Spring might be the most memorable season in the Manhattan market, a collection of months after traditional winter lulls, when deals start to happen again with greater frequency and the market’s tone can be set for the entire year. This spring may be especially telling, following a winter that marked the end of the housing boom nationwide and in the city, and which comes on the heels of a record Wall Street bonus season in December and January. Past springs, then, especially those that followed a tough winter, could provide lessons for the coming one.

Data shows that from the first quarter (winter) to the second quarter (spring), sales in Manhattan generally pick up — often significantly.

Only in three of the last 10 years have sales from the first to second quarter declined, according to appraisal firm Miller Samuel.
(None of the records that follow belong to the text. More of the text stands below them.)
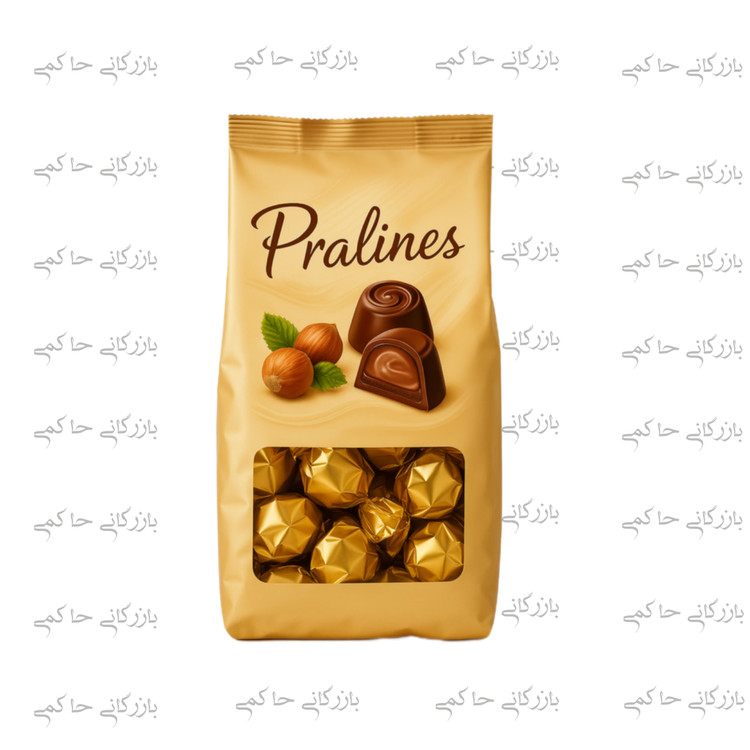 شکلات پرالین با مغز کرم و طعم قهوه وبرو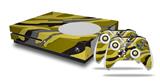 WraptorSkinz Decal Skin Wrap Set works with 2016 and newer XBOX One S Console and 2 Controllers Camouflage Yellow
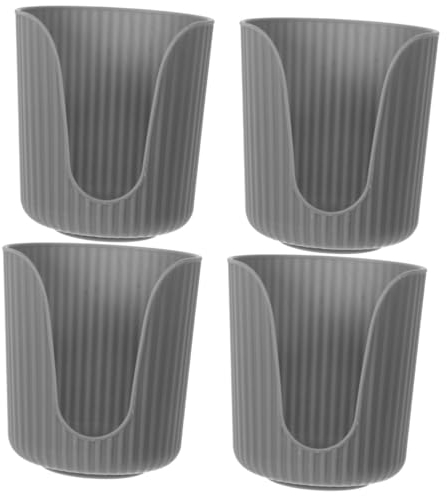 Cabilock 4 Piezas Estante De Almacenamiento De Despensa Contenedor De Vasos De Papel Portavasos De Papel para Encimera Portavasos De Mesa Organizador De Tazas Portavasos De Baño El Plastico
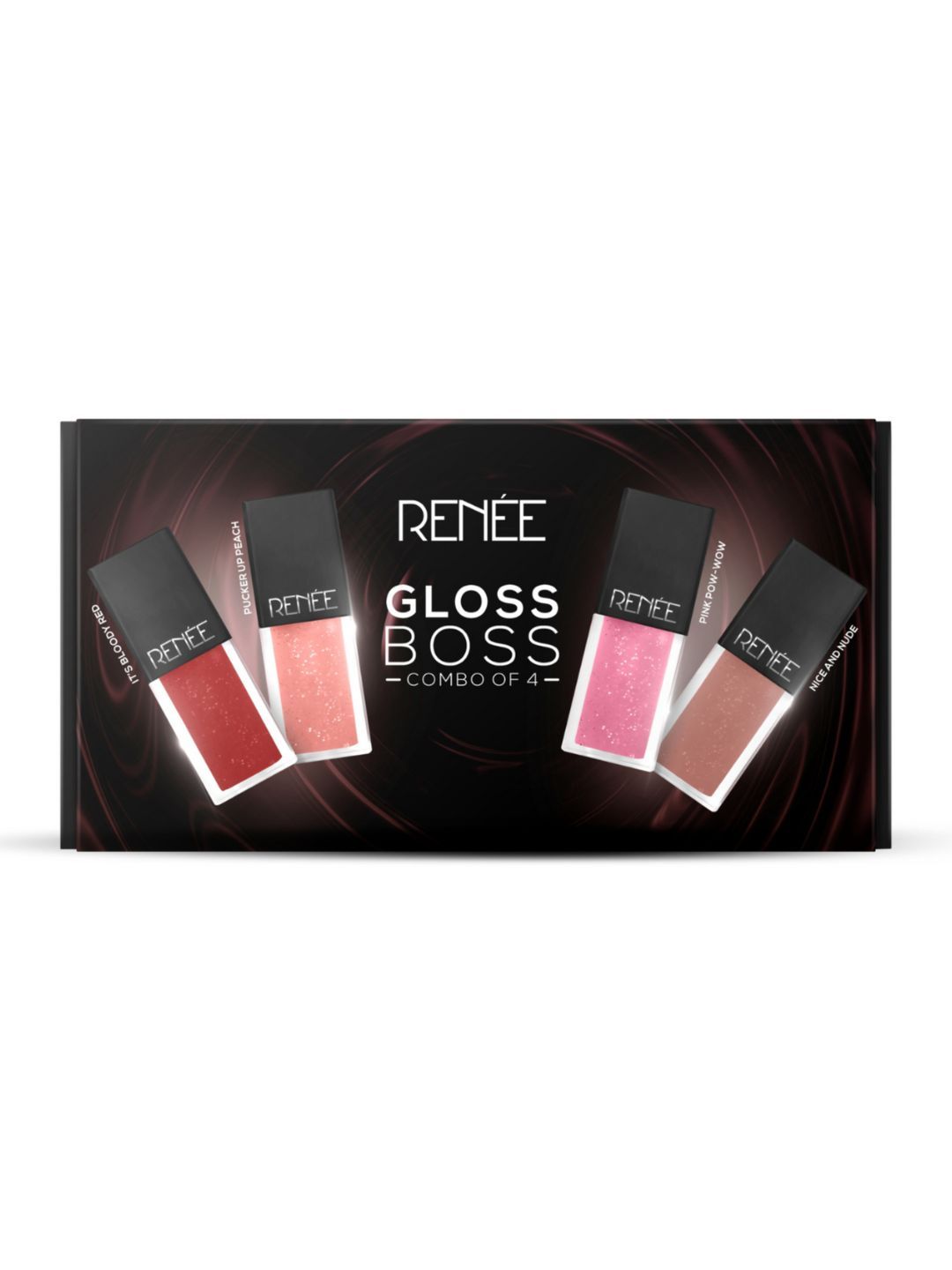 RENEE See Me Shine Lip Gloss - Gloss Boss Combo Of 4 - 2.5ml Each Price in India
In 1996, the number of closed sales deals dropped 18.6 percent; in 2001, it dropped 10.1 percent; and, in 2000, sales dipped nearly 2 percent. In the other seven years, sales shot up by double-digit percentages from the winter to the spring. In 1999 and 2002, sales jumped more than 30 percent, according to Miller Samuel; last year, they increased 12 percent.
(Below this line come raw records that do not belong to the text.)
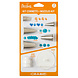 Decora orange piping nozzle kit, 7 pieces, with couplers and flower nails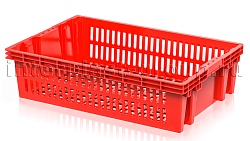 Ящик пластиковый для овощей, фруктов и хлеба Евролоток морковный
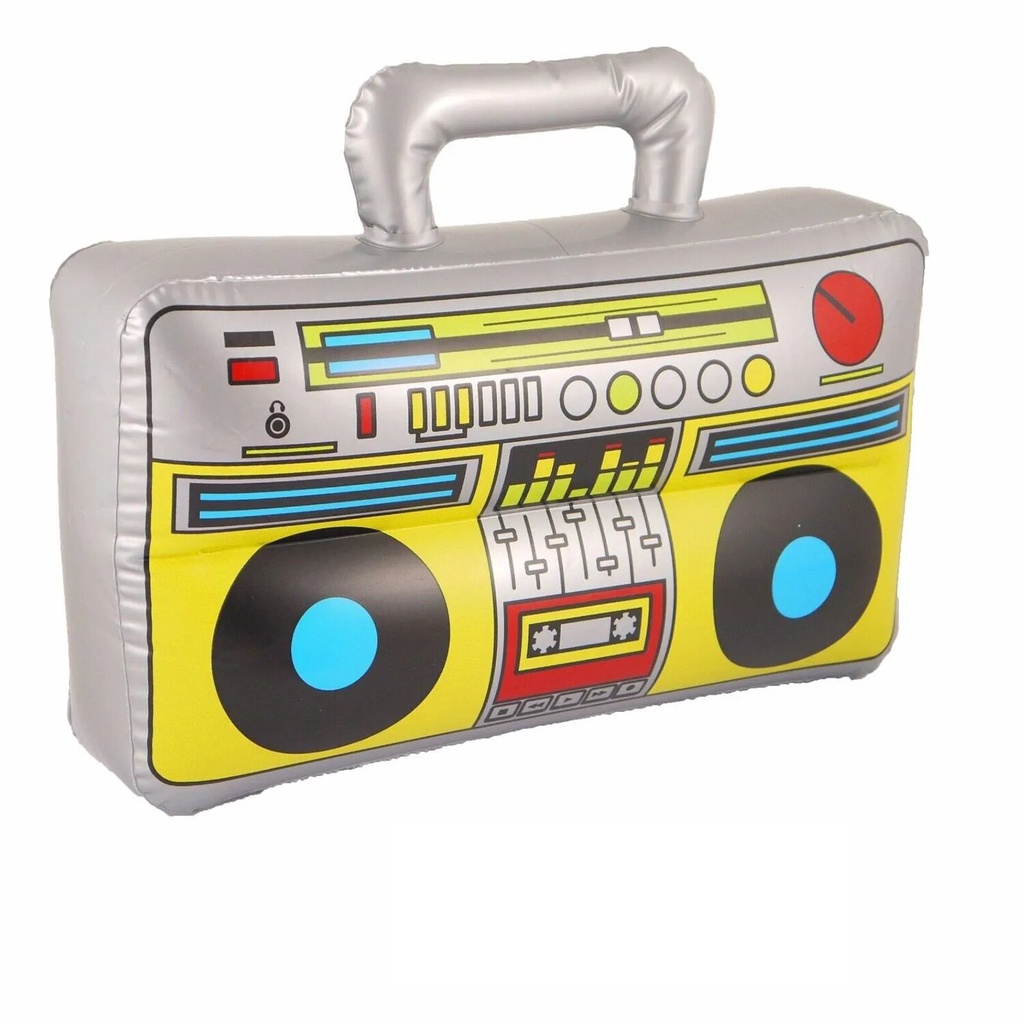 Inflatable Radio Boombox Inflatable Microphones 80s 90s Theme Party ...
Overall, over the last 10 years, on average, sales in Manhattan have increased 10.6 percent from the winter to the spring, and, over the last five years, 11 percent.
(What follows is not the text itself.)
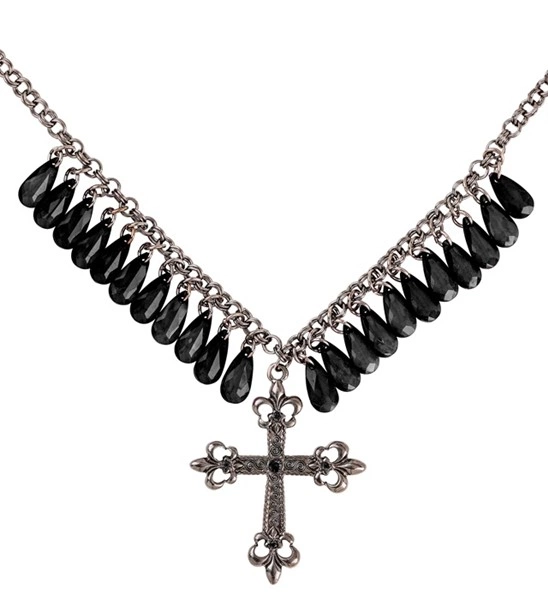 collana con croce di strass (copia)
Much of this sales activity that shows up in springtime is actually fomented in the winter, as deals recorded as closed during the second quarter of the year are often hammered out the quarter before. That means this spring may owe much to the current winter.

“The first quarter is generally our busiest time,” said Frederick Peters, a broker since 1980 and president of Warburg Realty Partnership. “When you’re talking about springs being strong, you’re talking about first quarters being strong.”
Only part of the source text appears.